В конце концов, они оба выиграли с такого расклада, разве нет?
— x —
Его звали Альбедо, и он был немного не от мира сего. Чистый гений сочетался в нём с отстранённостью: он не чурался людей, но будто избегал излишне долгого контакта с ними. Себе на уме, Альбедо оставался загадкой, не распространялся о прошлом, копался в древних книгах и постоянно был чем-то занят. Вклиниться без спросу в его мысли и будни казалось невозможным.
Альбедо проявлял доброту по отношению к Кли, был строгим, когда это требовалось, к Сахарозе и Тимею. Он чрезмерно увлекался алхимией, до фанатизма, который приобретал странные формы, и любил ставить эксперименты. Он прекрасно рисовал, но Кэйа, в отличие от многих, так и не получил от него свой достойный портрет.

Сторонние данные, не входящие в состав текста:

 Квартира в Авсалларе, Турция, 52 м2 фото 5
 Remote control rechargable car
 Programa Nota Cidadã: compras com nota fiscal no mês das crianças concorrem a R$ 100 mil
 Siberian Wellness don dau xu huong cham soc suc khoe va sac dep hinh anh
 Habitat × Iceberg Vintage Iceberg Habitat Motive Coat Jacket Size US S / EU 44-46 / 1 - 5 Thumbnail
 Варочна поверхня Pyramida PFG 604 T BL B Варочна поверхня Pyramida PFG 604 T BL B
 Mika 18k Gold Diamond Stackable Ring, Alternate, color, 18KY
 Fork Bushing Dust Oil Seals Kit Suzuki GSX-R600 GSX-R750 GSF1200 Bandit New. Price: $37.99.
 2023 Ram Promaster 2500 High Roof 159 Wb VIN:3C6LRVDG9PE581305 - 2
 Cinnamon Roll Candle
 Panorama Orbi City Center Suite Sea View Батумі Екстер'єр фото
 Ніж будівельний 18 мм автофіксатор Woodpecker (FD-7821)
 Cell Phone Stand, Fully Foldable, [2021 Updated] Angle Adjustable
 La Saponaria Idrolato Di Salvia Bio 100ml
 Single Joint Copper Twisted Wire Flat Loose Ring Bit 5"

Альбедо, похоже, не искал человеческого тепла и привязанностей, прохладно встречал ухаживания Кэйи и порой был совершенно неуловим. Кэйа проверял его, наблюдал за ним, попадал в неприятности и выбирался из них же благодаря Альбедо. Думал слишком много об Альбедо и, что было ему несвойственно, не торопился.
Не друзья, не враги, не любовники; застывшие на грани неопределённости.
Кэйа не верил, что это навсегда; он слишком хорошо знал себя и свою натуру. Наверное, от Альбедо он ждал шаг навстречу: хватило бы одного-единственного. Остальные шаги, забывшись, Кэйа мог пробежать и сам.